The Cato Daily Report, run by Caleb Brown, who happens to have a very mellifluous voice, has an interesting discussion by Tom G. Palmer about a new case wending its way through the courts. It's about whether DC resident can do more than keep arms, but bear them as well.The same attorney is handling the case who handled Heller, Alan Gura.
Mr. Palmer, as a gay man who apparently was engaged in a public display of affection with his boyfriend, was set upon by a pack of thugs who were trying to kill him. I think this happened in California. Running away, he eventually had to turn around and brandish the weapon he was carrying to thwart violence.
This is often how it goes down. Mr. Palmer, who has no doubt the threat of physical violence was real, says that thanks to that firearm he's lived for another twenty-eight years.
He was also one of the original plaintiffs for Heller.
Reading the historian Esther Forbes and her account of Paul Revere's ride, I learned that the colonials were forbidden from having large caches of weapons and gunpowder. Which they ignored. So our War for Independence could not have happened if we had not been violators of unreasonable gun laws.
This gives me solace. The last time I was in D.C., for example, I went a little overboard by packing...something full service. And doncha know I nearly had to pull it on a young thug who began physically confronting my friend and me from out of nowhere. He crashed into us as if we were bowling pins and he was the bowling ball. The hand was on it in its concealed position, when luckily the threat receded. But like any former Eagle Boy Scout I was prepared.
Just brandishing a gun at a criminal thug is usually all one need do to cause a prompt cessation of hostile activity directed at one. It happens much more than people realize.
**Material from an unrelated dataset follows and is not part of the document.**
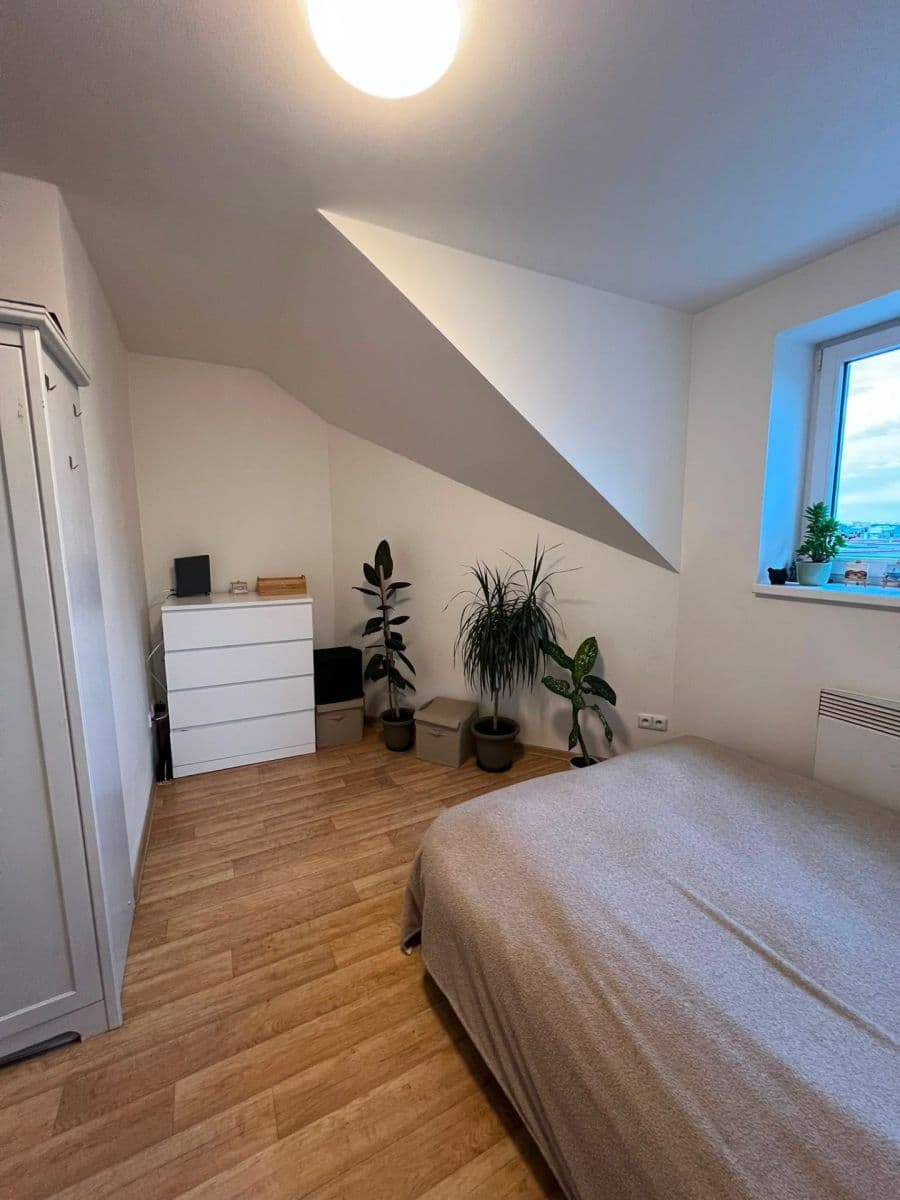 Prenájom bytu 1-izbový 32 m², V Korytech, Praha, Praha Prenájom bytu 1-izbový 32 m², V Korytech, Praha, Praha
My friend, the very high-ranking gubmit lawyer who occasionally had after-lunch walks with former Supreme Court Justice David Souter, was momentarily freaked out. Needless to say, he's very hostile to the Second Amendment as properly understood, and thought I was insane for exercising my Second Amendment right. We're former West Point buddies and our bond is deep. But he did gratefully acknowledge he felt relieved I was as prepared as I was.